Cello Concerto No. 2 The Song of the Birds (1951) [15:41]
George DYSON (1883-1964)

Prelude, Fantasy and Chaconne for cello and orchestra (1936) [23:27]
Edmund RUBBRA (1901-1986)

Soliloquy for cello and orchestra (1943-44) [13:48]
Haydn WOOD (1882-1959)

Philharmonic Variations for cello and orchestra (1939) [16:36]
Raphael Wallfisch (cello)
BBC Concert Orchestra/Vernon Handley
Rec. BBC Studio 1, Maida Vale, London, 19-20 May 2003. DDD

Here’s a quartet of British concertante-cum-concertos written between 1936 and 1951. Three, moreover, are premiere recordings, though close listeners to Radio 3 will remember there have been several broadcasts of the Wallfisch’s Haydn Wood with the Ulster Orchestra. Librarian-collectors will doubtless have filed that one away under Concertante-Orchestral (British C20) or some other combination. Which brings us back to bulky nomenclature and this disc.

Murrill’s 1951 Concerto, his second, was dedicated to Casals and enshrines some fine Spanishry amidst its quarter hour length. It opens in Bachian fashion, another specific link to Casals, much in the same way Ysaÿe enshrined some favourite Bach in the solo violin sonata he dedicated to Thibaud. Murrill makes demands in alt as well as a mini cadenza before moving to more explicit Spanish rhythms, employing tremolo and introducing Casals’ own Song of the Birds – heard first on the winds.The heart of the work is the Andante section where noble writing for the cello’s middle register fuses with beautifully - and acutely–judged writing for the orchestral strings.
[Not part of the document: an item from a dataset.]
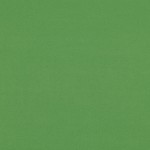 Tkanina kirkbydesign 80 Dakota Suede II ze wzorem Płótno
From 11.30 we have more evocation of a Spanish bolero.

Dyson’s Prelude, Fantasy and Chaconne (1936) has never been recorded in toto in this form. This is a fine work, though one in the Prelude at least, audibly indebted to Delius. There’s a dreamy stasis here which is gripping in its quiet intensity and from seven minutes on a strongly Delian introspection. Dyson’s scoring in the Fantasy is charmingly and appositely light and the solo line is both capricious and whimsically vibrant. The Chaconne draws on nobler hues, rears up but ends with a certain degree of elliptical distance.

Rubbra’s Soliloquy is the best known of this quartet. The de Saram version is around as is a subfusc but intense Du Pré on Cello Classics (live). Handley and Wallfisch keep a close eye on architecture here, not allowing it in any way to sprawl. This is a cogent, compact reading, alive and tensely argued. There’s no slacking for the lyric sections as there can be with Du Pré. This is a recording that provides real spine as well as intensity of expression.

It’s good to welcome Wallfisch’s Haydn Wood in all its Elgarian-Tchaikovskian splendour. The blend of lighter French influences is here as well, as it was of course in Elgar but the temperature is always equable. There’s plenty of pert humour and indeed a tongue-in-cheek fugue as we come to the close.

The recording has plenty of bloom to it and the star, Wallfisch, plays with considerable distinction, seconded by Handley. Notes are by Lewis Foreman and up to his standard. Listen to this alongside Cello Classics’ release of British Cellists’ recordings and you’ll get a strong picture of healthy cellistic life in composition and execution.